The Z score in trading is a statistical measure that helps traders understand how far a particular price point is from the average price, measured in standard deviations.
A standard deviation is a measure of how spread out the data is. A higher standard deviation means the data is more spread out, while a lower standard deviation means the data is more clustered around the average.
The Z score is calculated by subtracting the average price from the current price and then dividing that difference by the standard deviation. A positive Z score indicates the current price is above the average, while a negative Z score indicates the current price is below the average.
Traders use the Z score to identify potential trading opportunities. For example, a high Z score might suggest that the price is overbought and likely to fall, while a low Z score might suggest that the price is oversold and likely to rise.

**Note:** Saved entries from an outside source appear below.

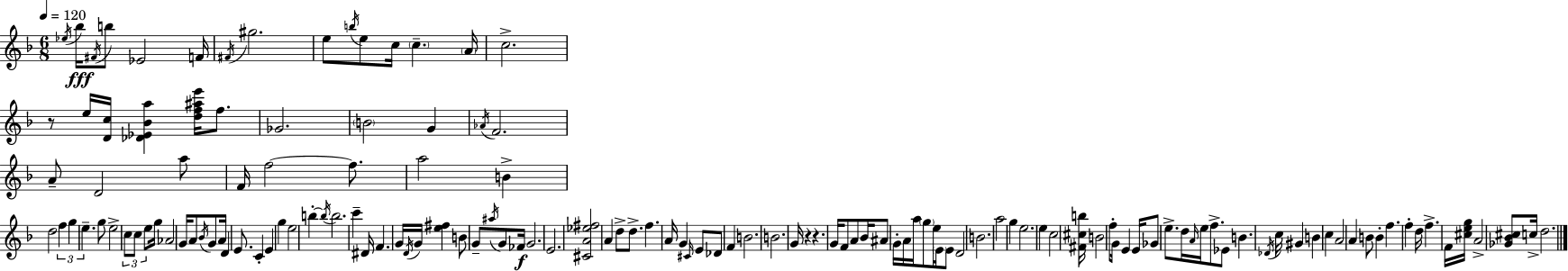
Eb5/s Bb5/s F#4/s B5/e Eb4/h F4/s F#4/s G#5/h. E5/e B5/s E5/e C5/s C5/q. A4/s C5/h. R/e E5/s [D4,C5]/s [Db4,Eb4,Bb4,A5]/q [D5,F5,A#5,E6]/s F5/e. Gb4/h. B4/h G4/q Ab4/s F4/h. A4/e D4/h A5/e F4/s F5/h F5/e. A5/h B4/q D5/h F5/q G5/q E5/q. G5/e E5/h C5/e C5/e E5/e G5/s Ab4/h G4/s A4/e Bb4/s G4/e A4/s D4/q E4/e. C4/q E4/q G5/q E5/h B5/q B5/s B5/h. C6/q D#4/s F4/q. G4/s D4/s G4/s [E5,F#5]/q B4/e G4/e A#5/s G4/e FES4/s G4/h. E4/h. [C#4,A4,Eb5,F#5]/h A4/q D5/e D5/e. F5/q. A4/s G4/q C#4/s E4/e Db4/e F4/q B4/h. B4/h. G4/s R/q R/q. G4/s F4/e A4/e Bb4/s A#4/e G4/s A4/s A5/s G5/e E5/s E4/s E4/e D4/h B4/h. A5/h G5/q E5/h. E5/q C5/h [F#4,C#5,B5]/s B4/h F5/e G4/s E4/q E4/s Gb4/e E5/e. D5/s A4/s E5/s F5/e. Eb4/e B4/q. Db4/s C5/s G#4/q B4/q C5/q A4/h A4/q B4/e B4/q F5/q. F5/q D5/s F5/q. F4/s [C#5,E5,G5]/s A4/h [Gb4,Bb4,C#5]/e C5/s D5/h. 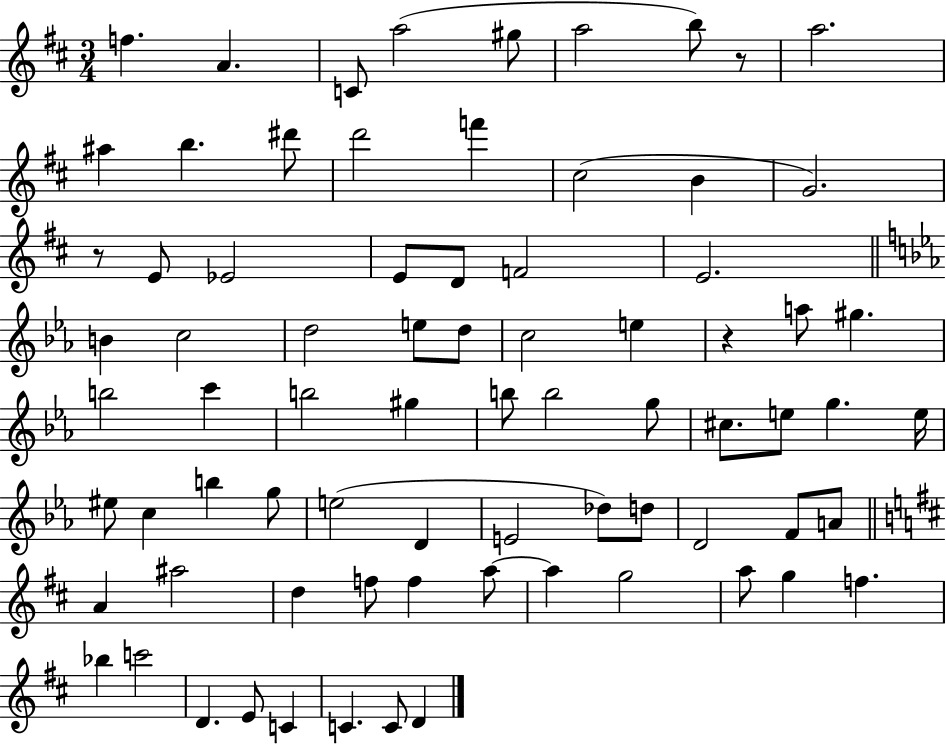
F5/q. A4/q. C4/e A5/h G#5/e A5/h B5/e R/e A5/h. A#5/q B5/q. D#6/e D6/h F6/q C#5/h B4/q G4/h. R/e E4/e Eb4/h E4/e D4/e F4/h E4/h. B4/q C5/h D5/h E5/e D5/e C5/h E5/q R/q A5/e G#5/q. B5/h C6/q B5/h G#5/q B5/e B5/h G5/e C#5/e. E5/e G5/q. E5/s EIS5/e C5/q B5/q G5/e E5/h D4/q E4/h Db5/e D5/e D4/h F4/e A4/e A4/q A#5/h D5/q F5/e F5/q A5/e A5/q G5/h A5/e G5/q F5/q. Bb5/q C6/h D4/q. E4/e C4/q C4/q. C4/e D4/q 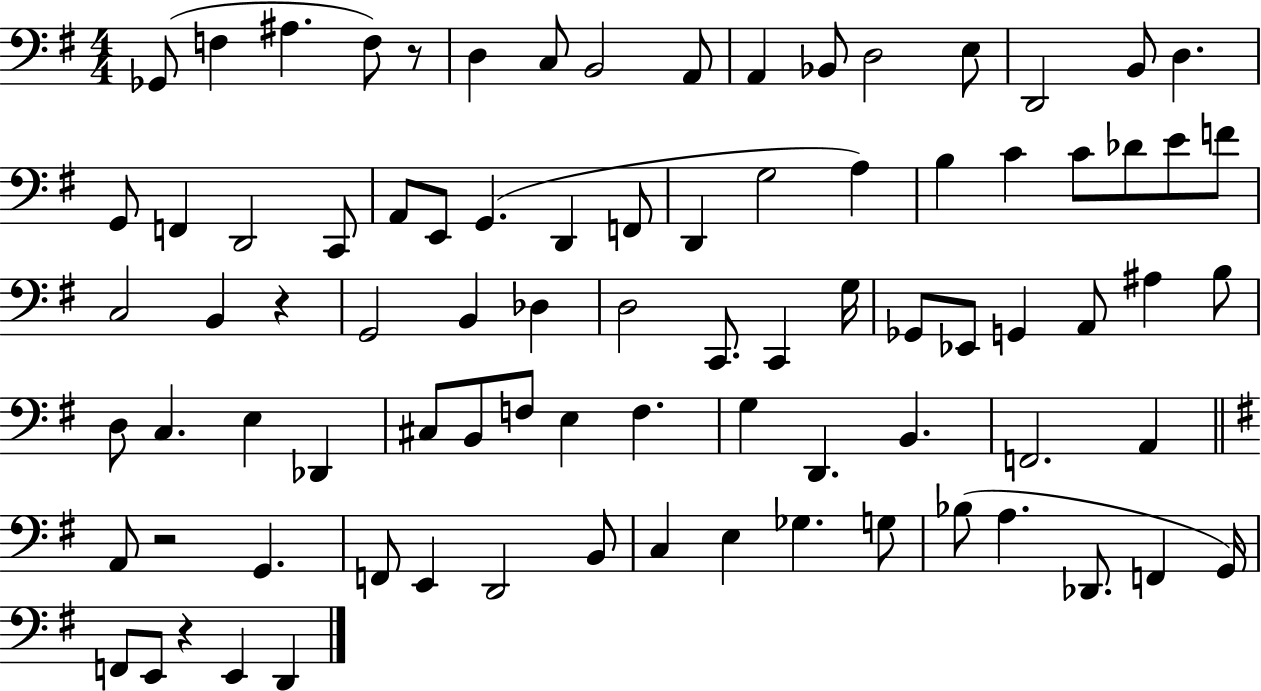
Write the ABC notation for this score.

X:1
T:Untitled
M:4/4
L:1/4
K:G
_G,,/2 F, ^A, F,/2 z/2 D, C,/2 B,,2 A,,/2 A,, _B,,/2 D,2 E,/2 D,,2 B,,/2 D, G,,/2 F,, D,,2 C,,/2 A,,/2 E,,/2 G,, D,, F,,/2 D,, G,2 A, B, C C/2 _D/2 E/2 F/2 C,2 B,, z G,,2 B,, _D, D,2 C,,/2 C,, G,/4 _G,,/2 _E,,/2 G,, A,,/2 ^A, B,/2 D,/2 C, E, _D,, ^C,/2 B,,/2 F,/2 E, F, G, D,, B,, F,,2 A,, A,,/2 z2 G,, F,,/2 E,, D,,2 B,,/2 C, E, _G, G,/2 _B,/2 A, _D,,/2 F,, G,,/4 F,,/2 E,,/2 z E,, D,,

Here are some key points about the Z score in trading:
- It is a standardized measure: This means that it can be used to compare different assets or different timeframes.
- It can be used to identify potential trading opportunities: Traders can use the Z score to identify overbought and oversold conditions.
- It is not a perfect indicator: The Z score is just one of many tools that traders can use to make trading decisions.
Example:
Imagine a stock with an average price of $100 and a standard deviation of $5. If the current price is $110, the Z score would be 2. This indicates that the current price is two standard deviations above the average.
In summary: The Z score in trading is a valuable tool for traders to understand the relative position of a price point within its historical data. By identifying overbought and oversold conditions, traders can potentially improve their trading decisions.